• Required work:
Quote the lines below from the one containing "FRESCA, SE DEJA" to the final line, both ends included; exclude the pictures.

[[ Available data open ]]

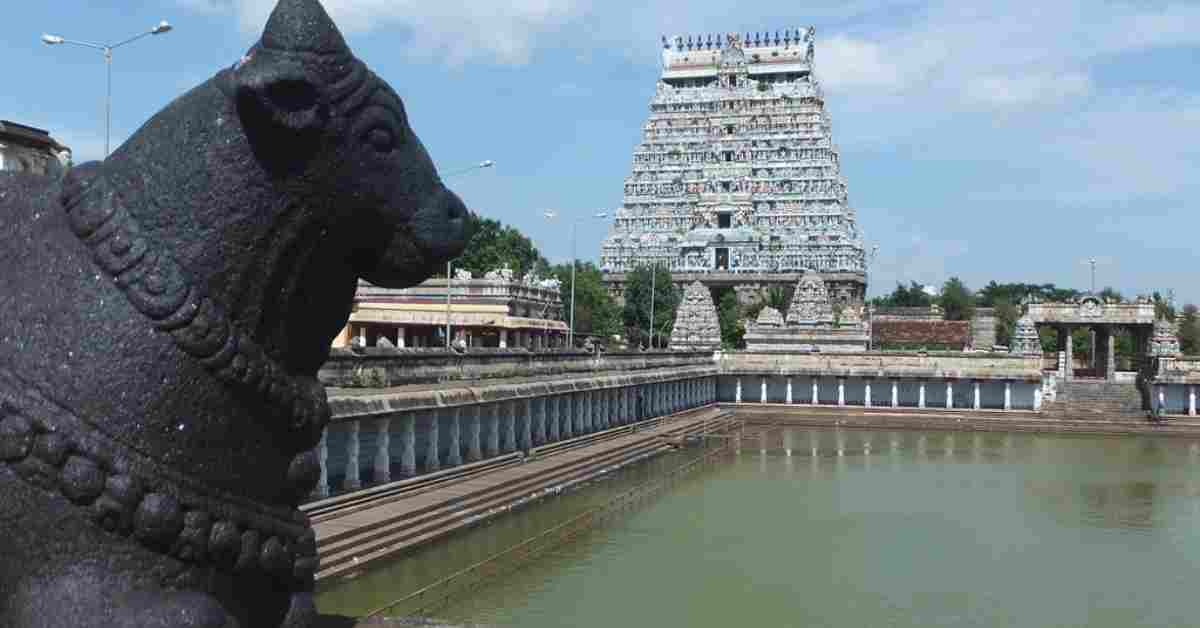 image of nandi and Thillai Nataraja Temple in Chidambaram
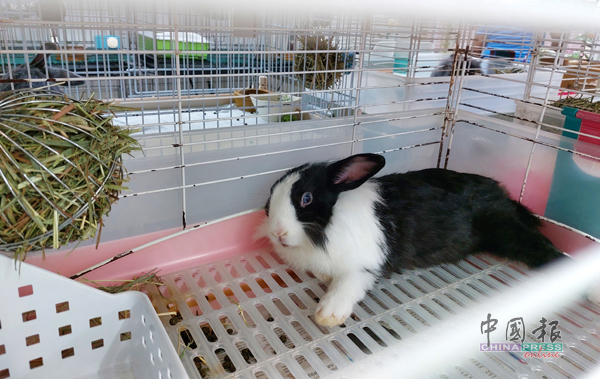 兔子的主食是牧草，从供应商处直接取货配搭新鲜牧草很受欢迎。（图：受访者提供）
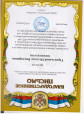 Профессионально-общественная активность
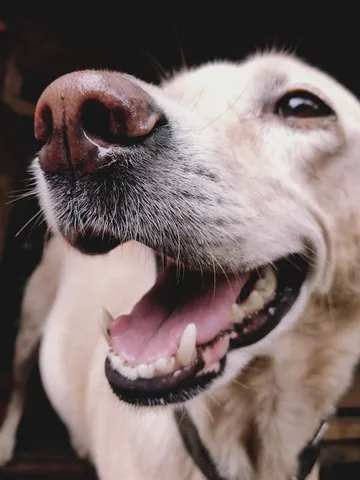 A close-up of a dog's face with its mouth open, looking alert.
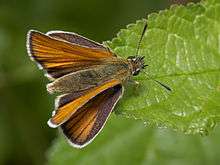 A skipper butterfly perched on a leaf and holding its wings apart from each other seen from above.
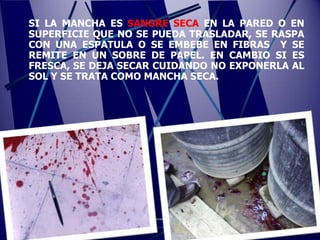 SI LA MANCHA ES SANGRE SECA EN LA PARED O EN
SUPERFICIE QUE NO SE PUEDA TRASLADAR, SE RASPA
CON UNA ESPATULA O SE EMBEBE EN FIBRAS Y SE
REMITE EN UN SOBRE DE PAPEL. EN CAMBIO SI ES
FRESCA, SE DEJA SECAR CUIDANDO NO EXPONERLA AL
SOL Y SE TRATA COMO MANCHA SECA.
 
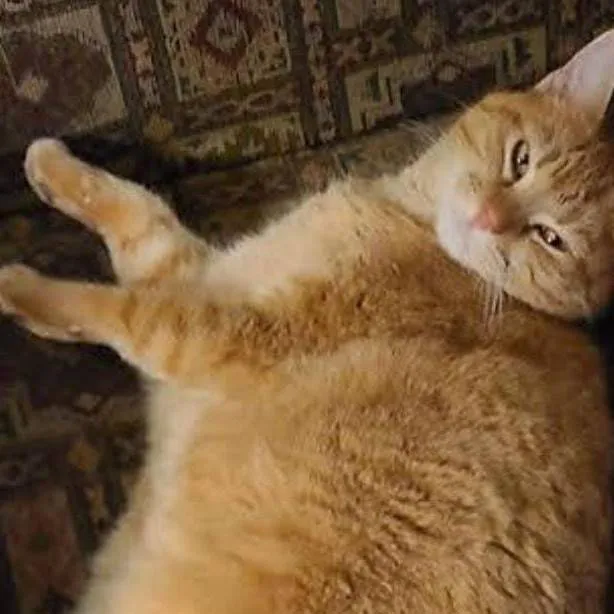 chat with ai character: gato gigante gordo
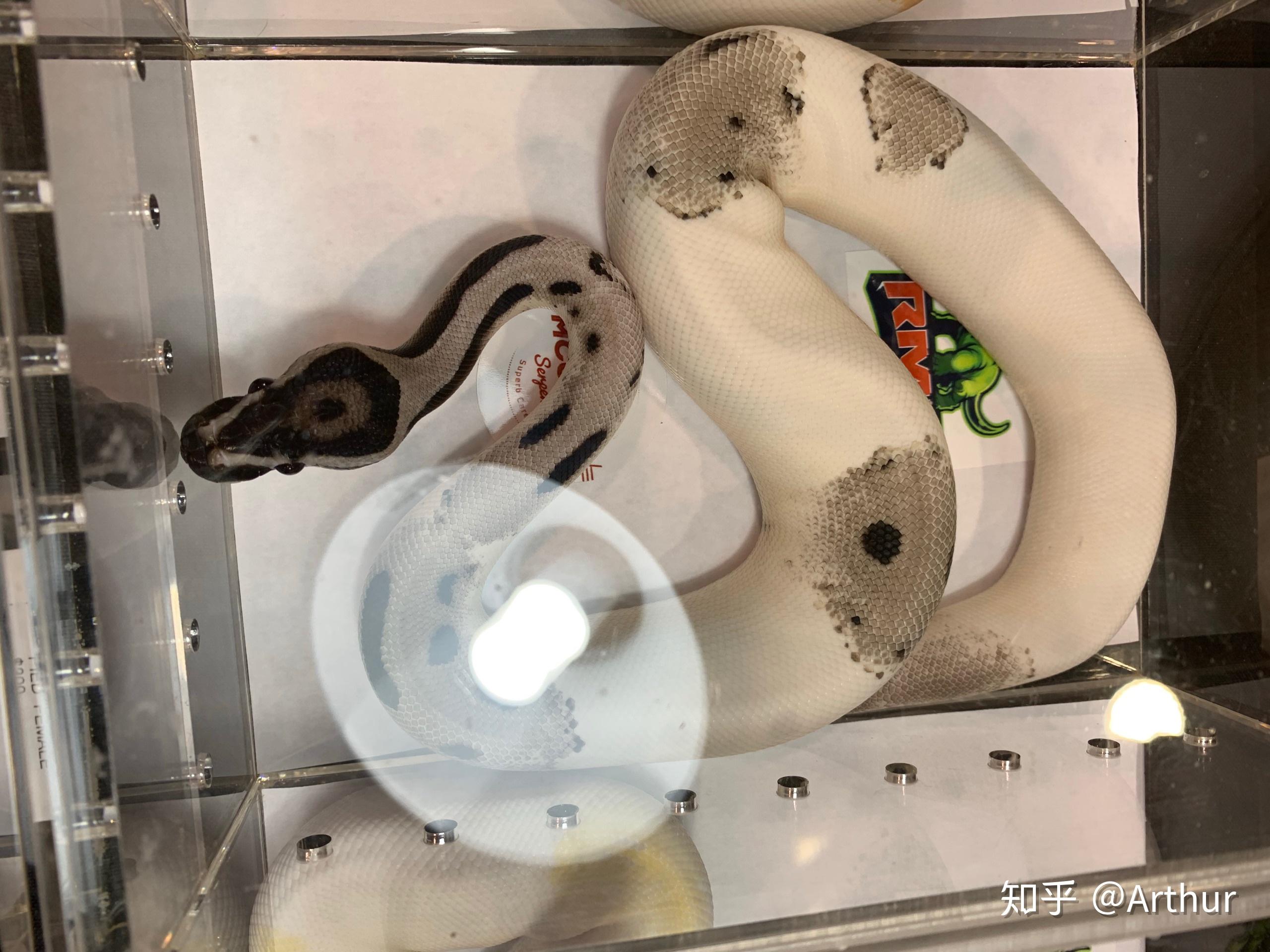 养一条球蟒是一种怎样的体验? - 知乎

[[ Available data closed ]]

• Answer box:
FRESCA, SE DEJA SECAR CUIDANDO NO EXPONERLA AL
SOL Y SE TRATA COMO MANCHA SECA.
 
 chat with ai character: gato gigante gordo
 养一条球蟒是一种怎样的体验? - 知乎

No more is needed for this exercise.